RFR: 8303866: Allow ZipInputStream.readEnd to parse small Zip64 ZIP files [v9]

Tue Jan 9 16:11:29 UTC 2024

On Mon, 8 Jan 2024 15:43:34 GMT, Jaikiran Pai <jpai at openjdk.org> wrote:

> The crucial part here is that the "current" `ZipEntry` is the one which was created by a previous call to `ZipInputStream.getNextEntry()` method, which is a public overridable method. Furthermore, the `ZipEntry.getExtra()` method too is overridable. So in theory, the byte[] data returned by the `ZipEntry.getExtra()` isn't controlled or validated and can be anything that the overridden method might return. 
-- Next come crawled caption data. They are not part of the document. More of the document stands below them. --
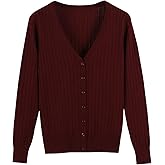 Wowcarbazole Lightweight Cardigan Sweaters for Women Long Sleeve Ribbed Knit Tops Trendy Button V Neck Fall Outfits
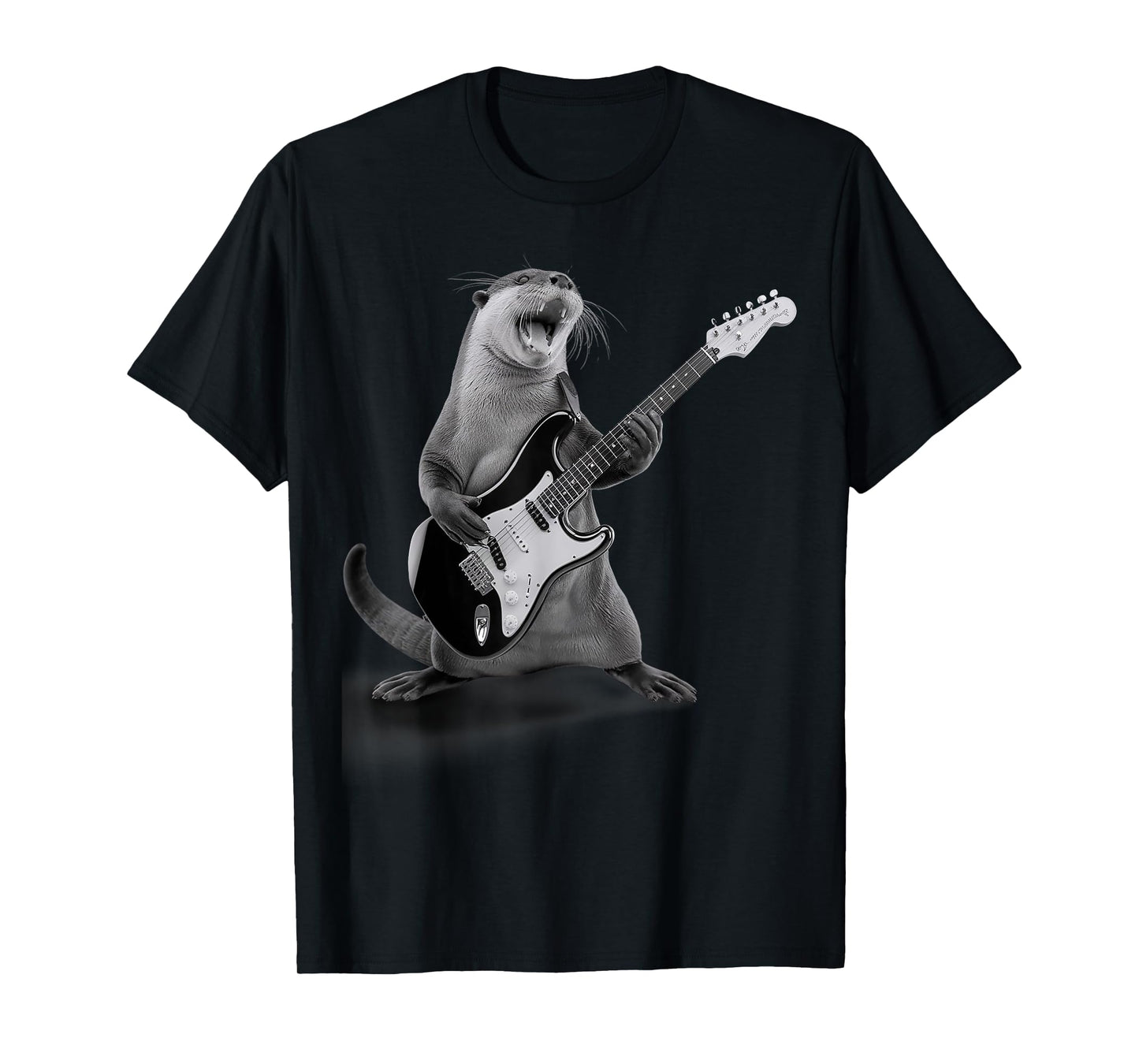 Otter Playing Guitar Rock Star Funny Gifts For Men Women Kid T-Shirt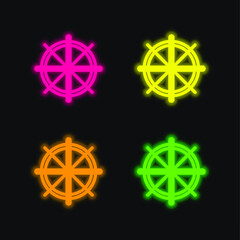 Boat Helm four color glowing neon vector icon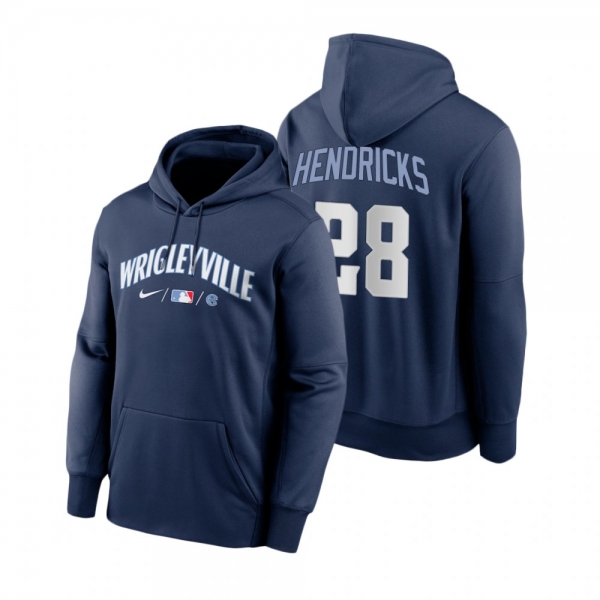 Chicago Cubs Kyle Hendricks Navy 2021 City Connect Baseball Therma Hoodie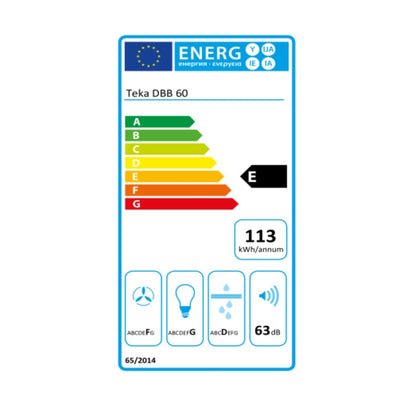 Konventionell fläkt Teka DBB60 I 60 cm 380 m3/h 60 dB 195W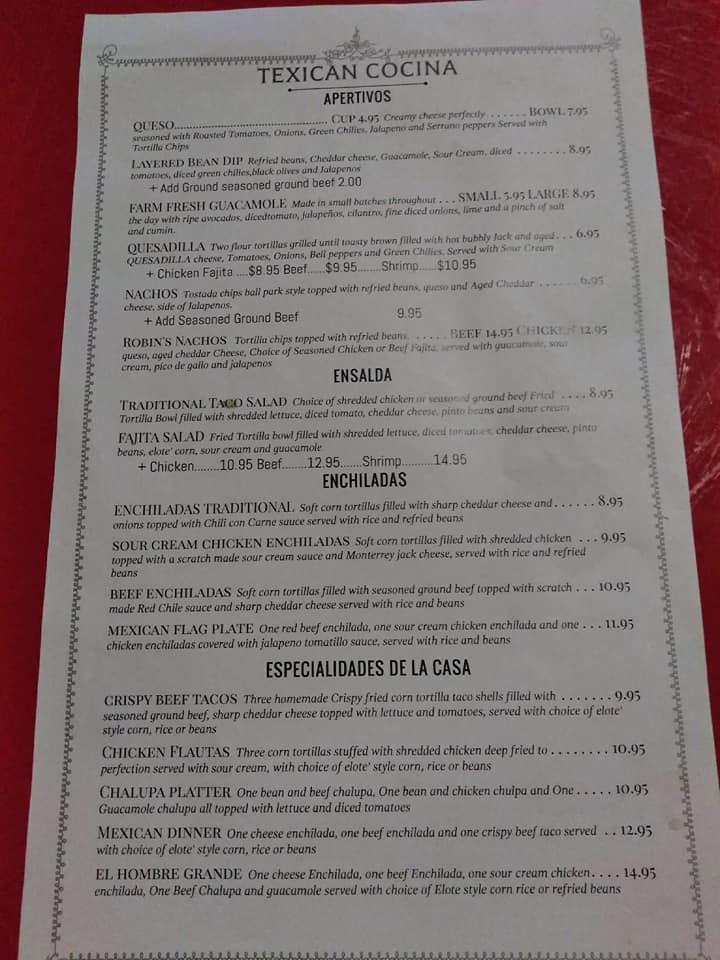 Menu at Texican Cocina restaurant, Graford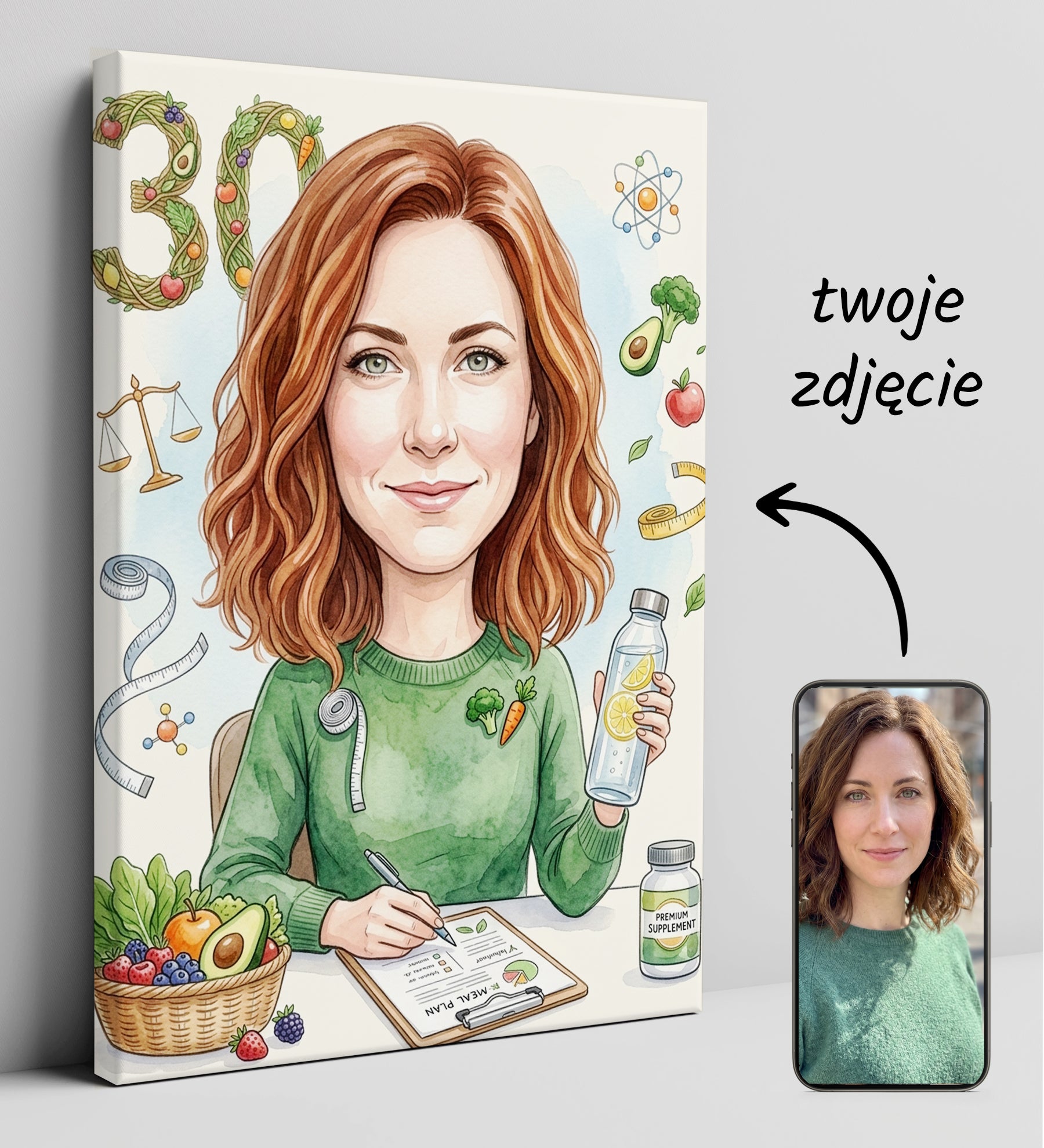 Pomysł na prezent dla dietetyczki - personalizowana karykatura ze glowne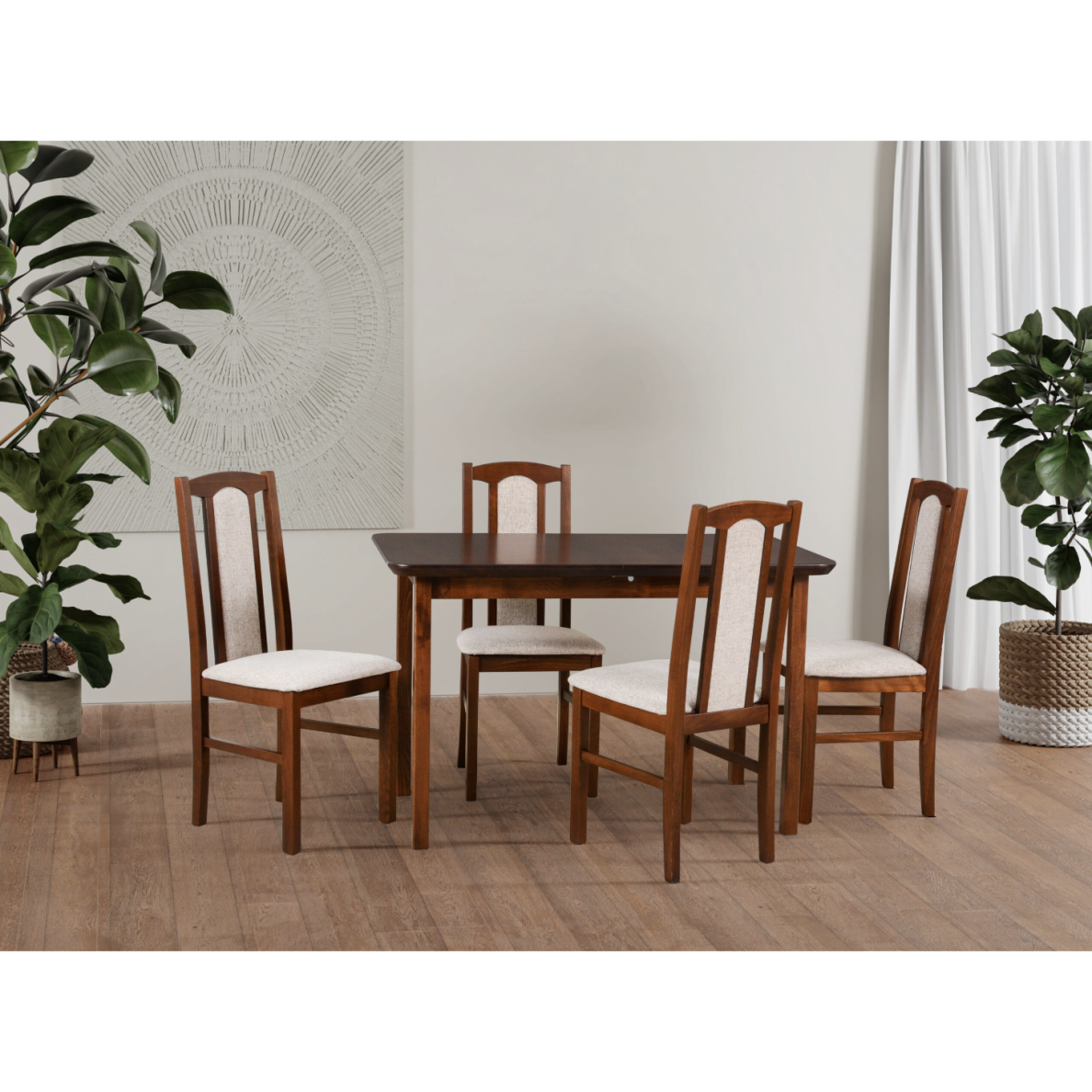 Valgomojo komplektas [4 vnt. Kėdės Bos7+ Stalas Max4]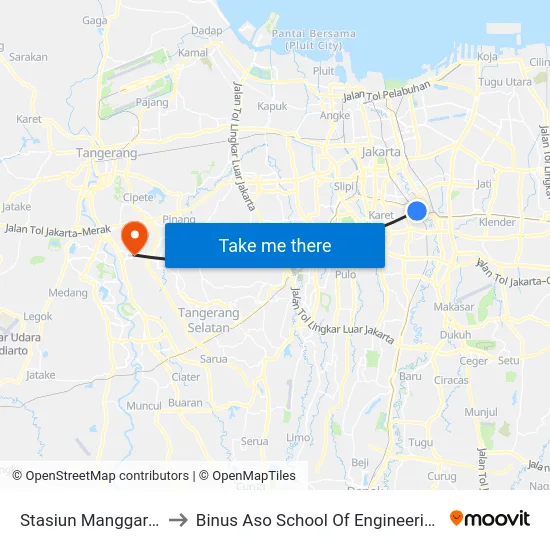 Stasiun Manggarai to Binus Aso School Of Engineering map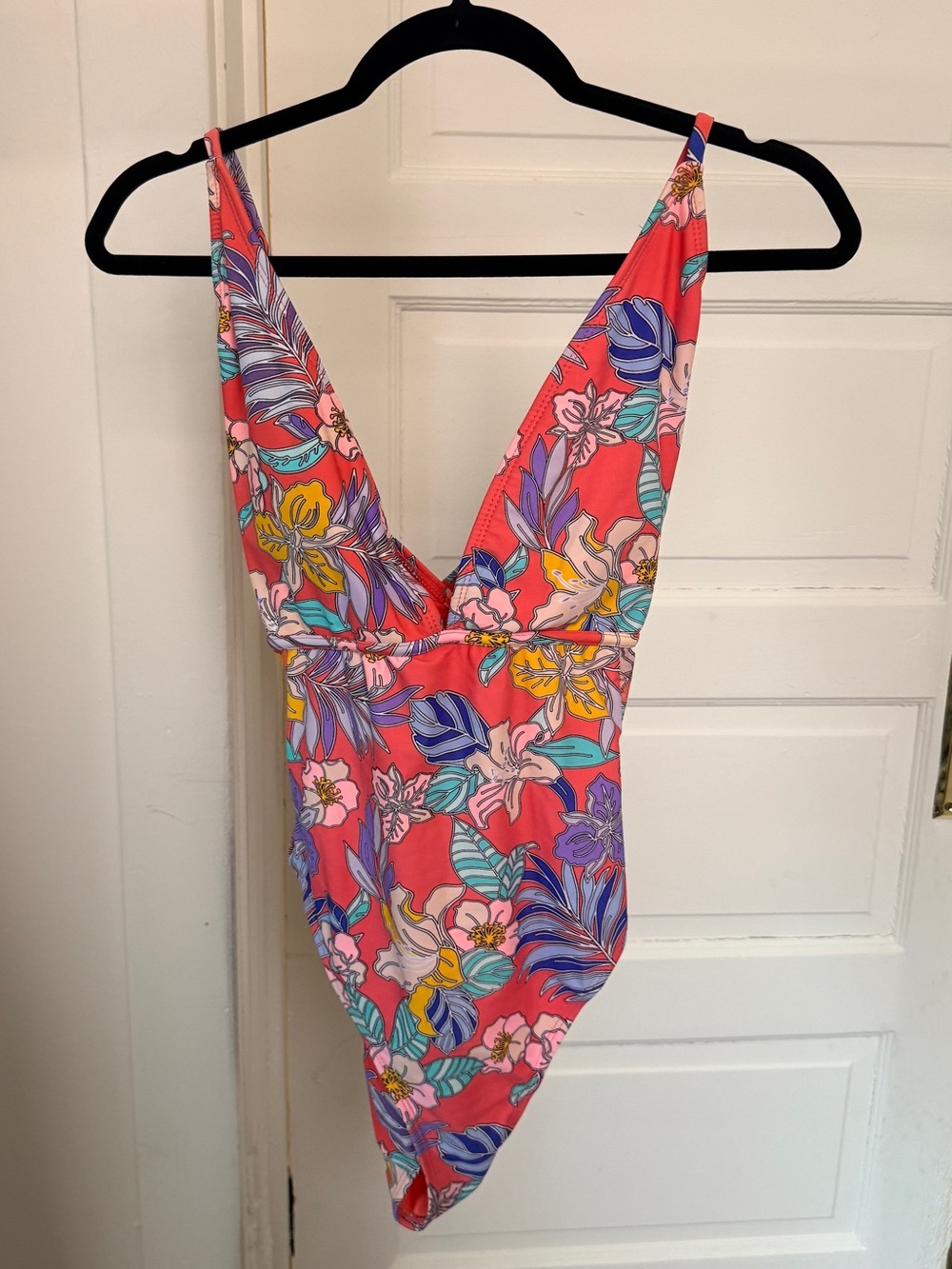 Floral One-Piece Swimsuit - Pink Tropical Print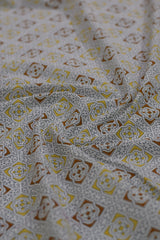 Close-up of patterned fabric with intricate design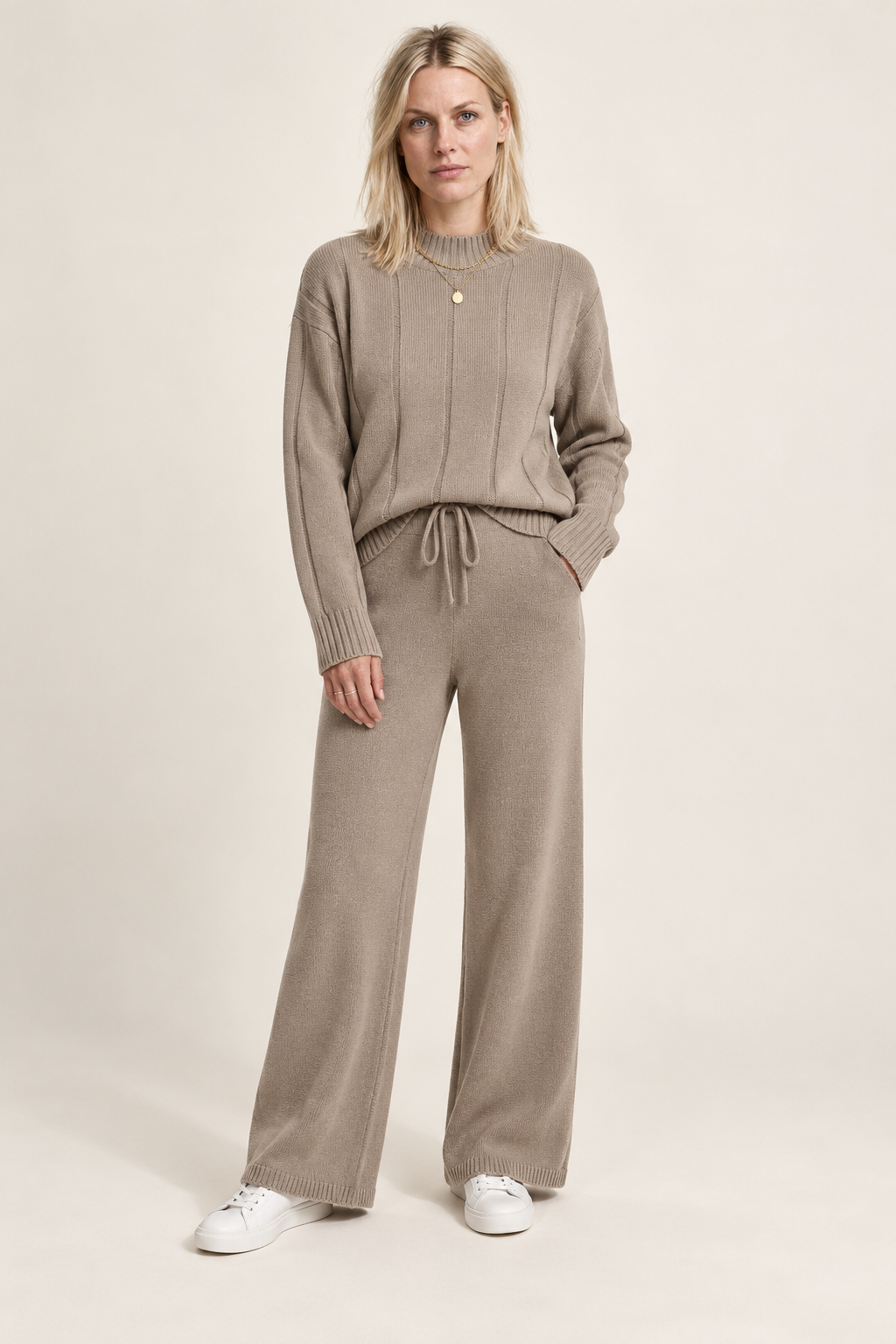 Tereza | Ribbed Mock-Neck Sweater and Wide-Leg Knit Set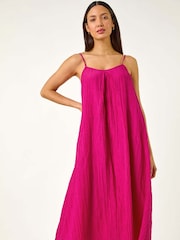 Roman Pink Textured Pleat Midi Dress - Image 4 of 5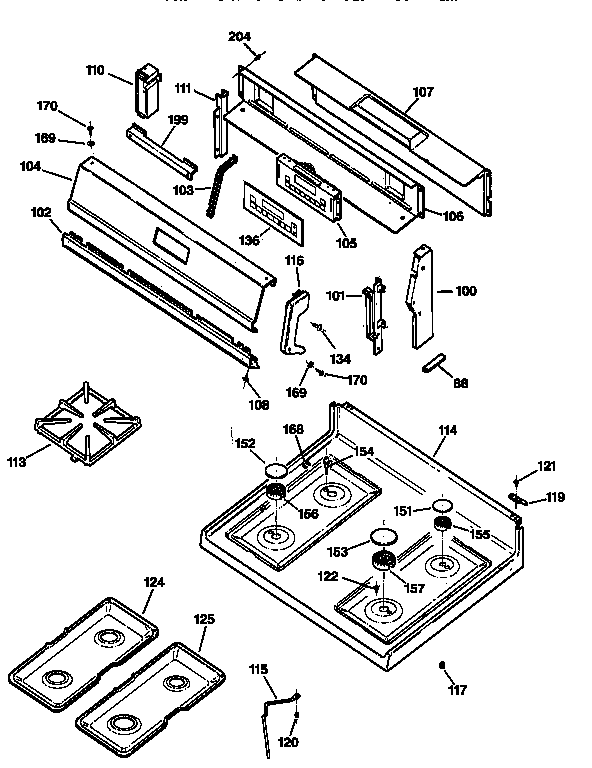 GE JGBP75AEY1AA cooktop diagram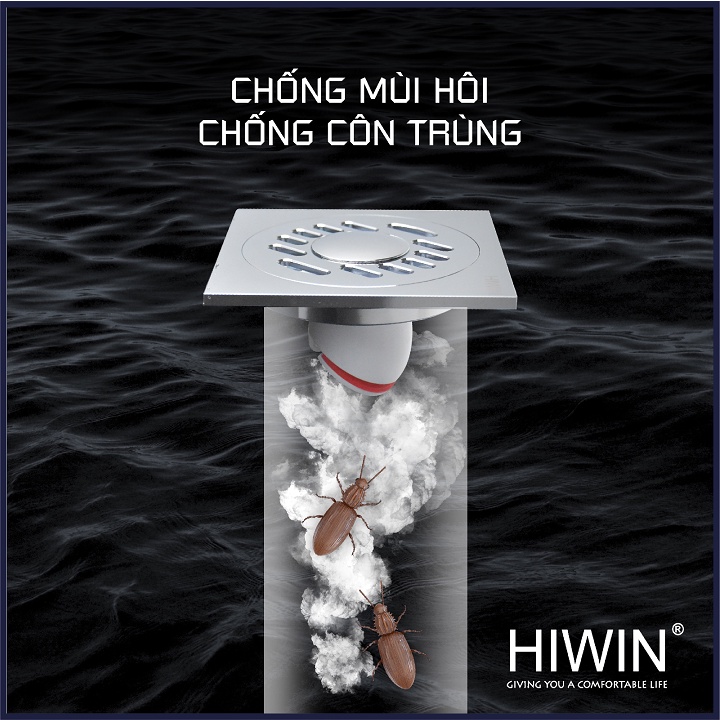 Phễu thoát sàn máy giặt ngăn mùi hôi thoát nước nhanh đồng mạ crom kích thước 100x100mm HIWIN FD-1101WH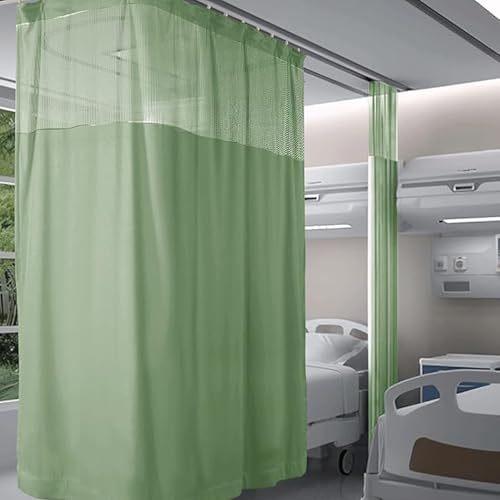 HJDSUDU Trennvorhang für Krankenhauszimmer, Sichtschutzvorhang in medizinischer Qualität mit Netzoberseite, 1 Stück Trennvorhang für Krankenhausbetten,Grün,6.5W×8.8L ft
Yes, we cannot rely on the extra field contents to be well-formed and valid. Because of this, `hasZip64Extra` must be coded in a defensive fashion, meaning it returns true only when it finds a valid Zip64 extra field, false otherwise. It should also never throw exceptions. This is the case regardless of ZipEntry concerns, since the input ZIP data may already be malformed.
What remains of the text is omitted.